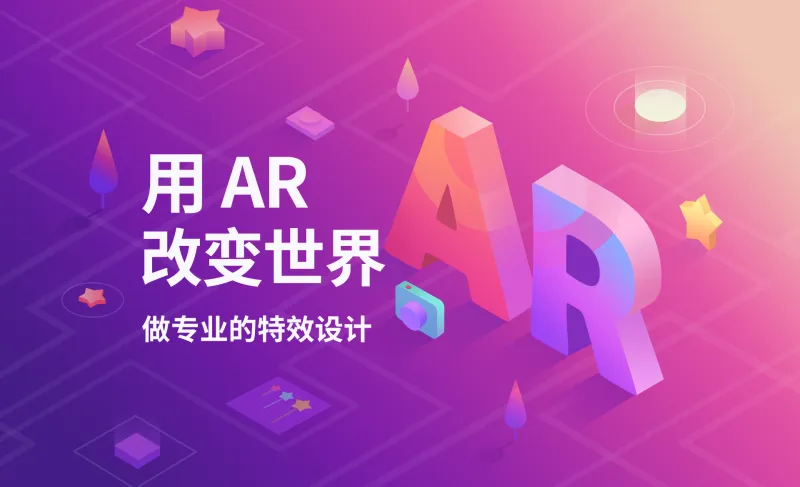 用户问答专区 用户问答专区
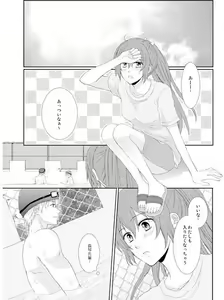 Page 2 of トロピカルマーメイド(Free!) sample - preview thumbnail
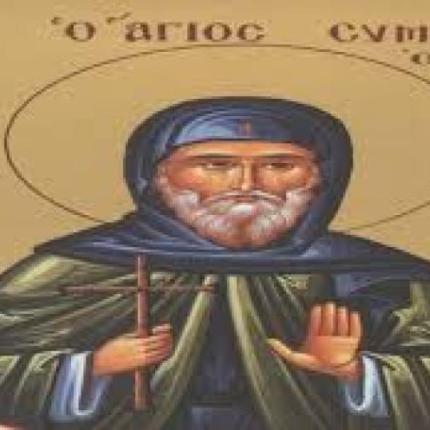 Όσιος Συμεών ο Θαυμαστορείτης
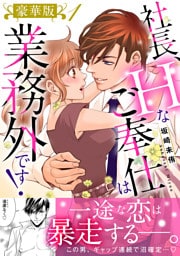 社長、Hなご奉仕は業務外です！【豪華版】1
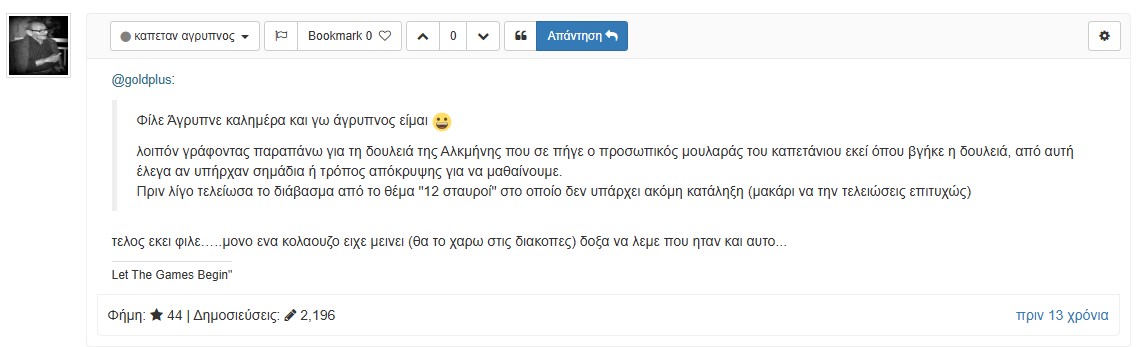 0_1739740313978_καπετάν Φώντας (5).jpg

* * *

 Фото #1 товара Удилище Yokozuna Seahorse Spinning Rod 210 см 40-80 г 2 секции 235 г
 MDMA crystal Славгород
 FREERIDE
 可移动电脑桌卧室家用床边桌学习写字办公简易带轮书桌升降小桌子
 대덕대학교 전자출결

==

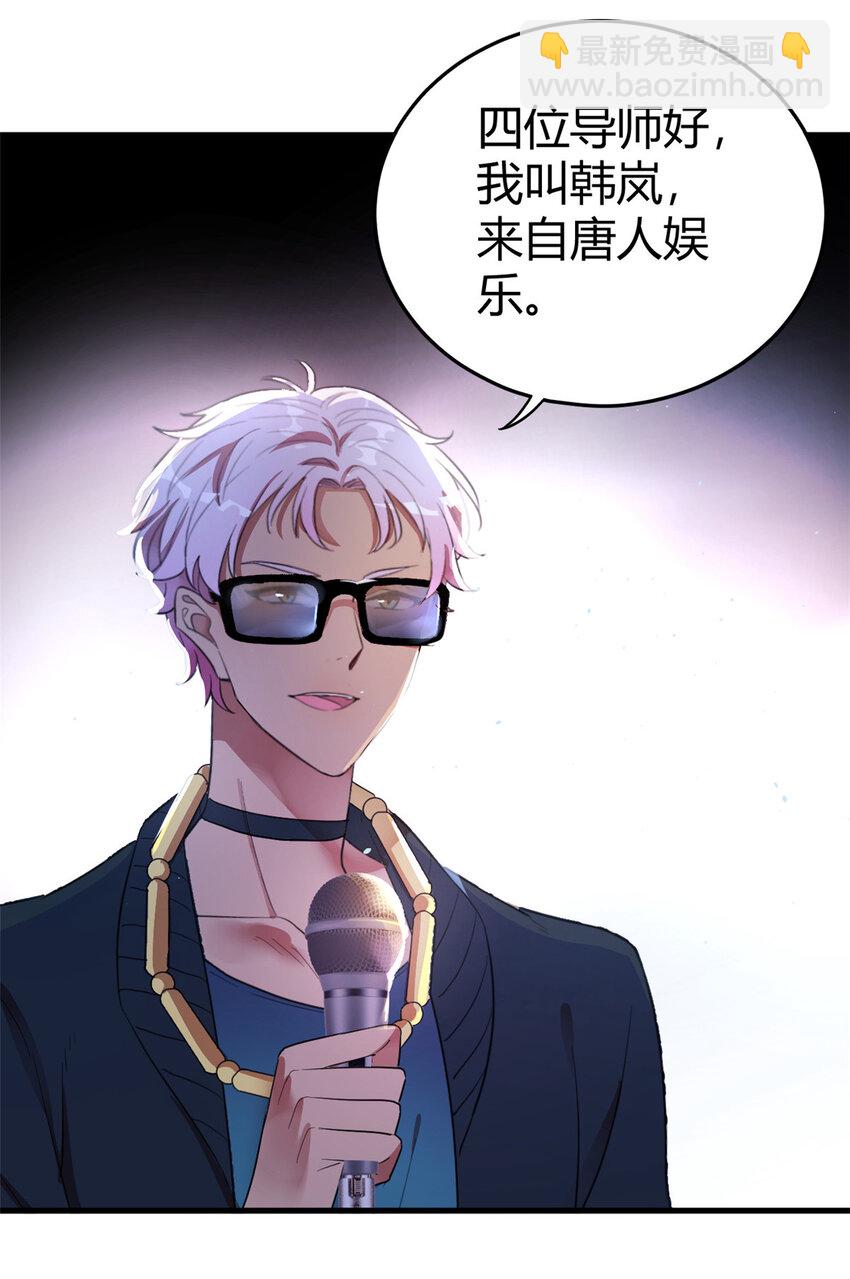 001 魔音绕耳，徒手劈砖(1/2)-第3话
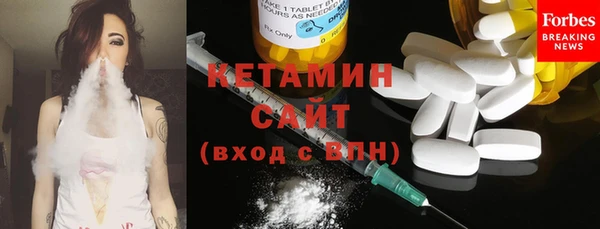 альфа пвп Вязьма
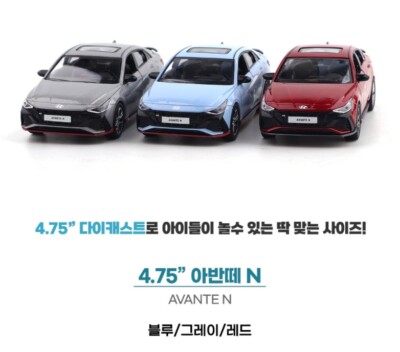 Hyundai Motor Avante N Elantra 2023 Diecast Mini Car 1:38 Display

### REQUIREMENT
Reproduce the data above exactly, but only from the line containing "用户问答专区 用户问答专区" through the line containing "0_1739740313978_καπετάν Φώντας (5).jpg". Omit all pictures.

### YOUR RESPONSE
 用户问答专区 用户问答专区
 Page 2 of トロピカルマーメイド(Free!) sample - preview thumbnail
 Όσιος Συμεών ο Θαυμαστορείτης
 社長、Hなご奉仕は業務外です！【豪華版】1
 0_1739740313978_καπετάν Φώντας (5).jpg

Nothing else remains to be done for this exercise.